Your instructions: The expected output is the data below, restated word for word.

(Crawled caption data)

▶

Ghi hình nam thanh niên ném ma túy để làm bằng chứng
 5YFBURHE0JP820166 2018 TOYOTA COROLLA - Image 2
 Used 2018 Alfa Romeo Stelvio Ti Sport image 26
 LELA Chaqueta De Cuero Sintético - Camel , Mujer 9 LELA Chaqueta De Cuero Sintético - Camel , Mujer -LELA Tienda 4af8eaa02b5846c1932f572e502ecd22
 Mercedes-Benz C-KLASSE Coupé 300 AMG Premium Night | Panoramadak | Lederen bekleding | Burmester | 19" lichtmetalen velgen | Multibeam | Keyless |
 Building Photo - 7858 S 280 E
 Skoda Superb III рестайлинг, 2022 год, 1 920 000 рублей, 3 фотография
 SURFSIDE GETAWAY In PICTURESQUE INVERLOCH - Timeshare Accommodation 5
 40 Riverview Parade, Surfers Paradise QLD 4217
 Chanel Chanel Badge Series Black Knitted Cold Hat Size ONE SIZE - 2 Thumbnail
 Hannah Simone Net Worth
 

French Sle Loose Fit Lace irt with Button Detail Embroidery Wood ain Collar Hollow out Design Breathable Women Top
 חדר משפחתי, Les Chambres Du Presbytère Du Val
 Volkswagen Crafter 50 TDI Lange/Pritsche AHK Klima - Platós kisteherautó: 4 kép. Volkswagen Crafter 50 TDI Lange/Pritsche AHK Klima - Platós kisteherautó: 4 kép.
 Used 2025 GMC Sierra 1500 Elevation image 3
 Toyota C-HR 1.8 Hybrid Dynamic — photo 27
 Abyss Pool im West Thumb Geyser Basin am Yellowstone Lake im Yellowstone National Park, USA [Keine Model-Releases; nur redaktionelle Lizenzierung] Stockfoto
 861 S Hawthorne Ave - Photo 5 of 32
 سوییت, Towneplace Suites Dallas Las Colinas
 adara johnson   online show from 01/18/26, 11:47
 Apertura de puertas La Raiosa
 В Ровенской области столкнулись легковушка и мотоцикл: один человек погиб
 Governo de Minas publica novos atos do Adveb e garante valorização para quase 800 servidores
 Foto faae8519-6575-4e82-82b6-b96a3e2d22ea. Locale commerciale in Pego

◀

Response:
Ghi hình nam thanh niên ném ma túy để làm bằng chứng
 5YFBURHE0JP820166 2018 TOYOTA COROLLA - Image 2
 Used 2018 Alfa Romeo Stelvio Ti Sport image 26
 LELA Chaqueta De Cuero Sintético - Camel , Mujer 9 LELA Chaqueta De Cuero Sintético - Camel , Mujer -LELA Tienda 4af8eaa02b5846c1932f572e502ecd22
 Mercedes-Benz C-KLASSE Coupé 300 AMG Premium Night | Panoramadak | Lederen bekleding | Burmester | 19" lichtmetalen velgen | Multibeam | Keyless |
 Building Photo - 7858 S 280 E
 Skoda Superb III рестайлинг, 2022 год, 1 920 000 рублей, 3 фотография
 SURFSIDE GETAWAY In PICTURESQUE INVERLOCH - Timeshare Accommodation 5
 40 Riverview Parade, Surfers Paradise QLD 4217
 Chanel Chanel Badge Series Black Knitted Cold Hat Size ONE SIZE - 2 Thumbnail
 Hannah Simone Net Worth
 

French Sle Loose Fit Lace irt with Button Detail Embroidery Wood ain Collar Hollow out Design Breathable Women Top
 חדר משפחתי, Les Chambres Du Presbytère Du Val
 Volkswagen Crafter 50 TDI Lange/Pritsche AHK Klima - Platós kisteherautó: 4 kép. Volkswagen Crafter 50 TDI Lange/Pritsche AHK Klima - Platós kisteherautó: 4 kép.
 Used 2025 GMC Sierra 1500 Elevation image 3
 Toyota C-HR 1.8 Hybrid Dynamic — photo 27
 Abyss Pool im West Thumb Geyser Basin am Yellowstone Lake im Yellowstone National Park, USA [Keine Model-Releases; nur redaktionelle Lizenzierung] Stockfoto
 861 S Hawthorne Ave - Photo 5 of 32
 سوییت, Towneplace Suites Dallas Las Colinas
 adara johnson   online show from 01/18/26, 11:47
 Apertura de puertas La Raiosa
 В Ровенской области столкнулись легковушка и мотоцикл: один человек погиб
 Governo de Minas publica novos atos do Adveb e garante valorização para quase 800 servidores
 Foto faae8519-6575-4e82-82b6-b96a3e2d22ea. Locale commerciale in Pego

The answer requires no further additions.